When the fungus infects host plants, a series of effector proteins (e.g., cell wall degrading enzymes) are secreted into the host tissue to destroy intracellular components, interfering with their defense response
[50][53]. The analysis of the proteome has been successfully made for some fungal plant pathogens. For instance, some studies have shown that cell wall degrading enzymes such as pectin, esterases, xylanases, pectate lyases, or galacturonases are upregulated in
L. theobromae [52],
M. oryzae [51], and
F. graminearum [56], suggesting their pathogenicity on grapevines, rice, and barley, respectively. Moreover, the hydrolase glucan-β-glucosidase was found to be involved in the virulence of
C. higginsianum [57] and
Alternaria alternata [58]. Some effector proteins secreted by fungal pathogens, such as avirulence proteins (Avr), are delivered into the host plant, which have the potential to suppress pathogen-associated molecular patterns (PAMPs)-triggered immunity
[59]. However, these pathogen-derived avirulence proteins are recognized by plant receptor proteins encoded by R genes, resulting in effector-triggered immunity that leads to fast responses
[60].
As mentioned above, proteomics has been applied to unveil key proteins of several plant pathogens as well as those involved in plant defense under a pathogen attack. Nevertheless, no proteomic studies have been performed with members of the genus
Diaporthe nor for their interaction with plants. As the proteome profiling during infection can identify specific proteins involved in plant disease resistance and pathogenicity processes
[61], in-depth studies and comparative proteomics should be undertaken to reveal molecular mechanisms of
Diaporthe—plant interactions as well as the susceptibility or resistance in plants. These studies will assist in the discovery of novel proteins that might be potential candidates for the enhancement of tolerance to fungal diseases.
4. Metabolomics
Currently, mass spectrometry (MS) has become a highly sensitive tool used for the identification and quantification of metabolites. Nuclear magnetic resonance (NMR) and types of mass analyzers are commonly used for metabolomic studies, such as capillary electrophoresis mass spectrometry (CE-MS), gas chromatography mass spectrometry (GC–MS), liquid chromatography mass spectrometry (LC–MS), and matrix-assisted laser desorption/ionization mass spectrometry (MALDI-MS)
[62].
The increasing number of sequenced genomes and the scalable metabolomics approaches have largely expanded the access to the metabolite repertoire of fungi
[63]. The awareness that fungi are a source of beneficial compounds came up after Sir Alexander Fleming in 1928 discovered penicillin
[64]. This first broad-spectrum antibiotic was produced by the fungus
Penicillium notatum (syn.
P. rubens) and was considered as the ‘wonder drug’ of World War II
[65]. After this event, the study of microorganisms as sources for antibiotics gave rise to the golden era for the discovery of natural products from fungi
[66]. Species of the genus
Diaporthe, for instance, are well known as producers of several compounds (e.g., polyketides, indoles, and terpenes) with potential applications in pharmacology and biomedicine
[67].
Besides that, metabolomics research of plant pathogenic fungi has gained attention, since it allows the identification of metabolites, their functions, and metabolic pathways involved in pathogenicity
[68][69][70]. Moreover, metabolomics profiling of host plants has also been performed to elucidate plant responses to abiotic and biotic stresses and to evaluate plant adaptations to such conditions
[71]. For instance, Dickinson et al.
[72] applied the LC–MS method to investigate metabolite changes of
Medicago tranuclata under drought stress and infection with
F. oxysporum.
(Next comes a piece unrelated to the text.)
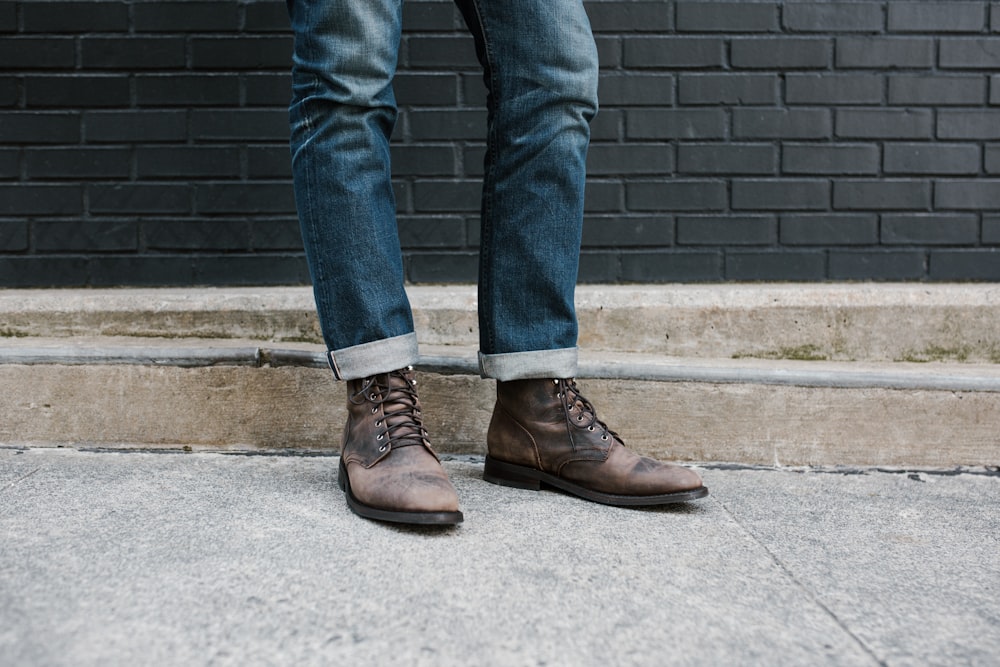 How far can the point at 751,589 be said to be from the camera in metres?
1.08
The authors stated that under pathogen infection, an increase in flavonoids, sucrose relocation from leaves to roots, and a decrease in organic acids were observed. Also, Jones et al.
[73] used a meta-analytical method based on GC–MS/MS, LC–MS/MS, and NMR to evaluate rice plants at different time points after infection by
M. grisea. These authors proposed that the production of a large amount of alanine caused by fungi may lead to cell death and thereby promoting
M. grisea infection, suggesting that metabolomics may help evaluating the overall effects of pathogen infection on plant hosts
[74].
It has also been suggested that metabolomic profiling in fungal-plant interactions provide important information for the early diagnosis of several fungal plant pathogens
[71][74][75]. Hu et al.
[74] used the GC–MS method to analyze the metabolic profiling of strawberry infected with
Botrytis cinerea and identified biomarkers in the early stage of disease development. Moreover, Zeiss et al.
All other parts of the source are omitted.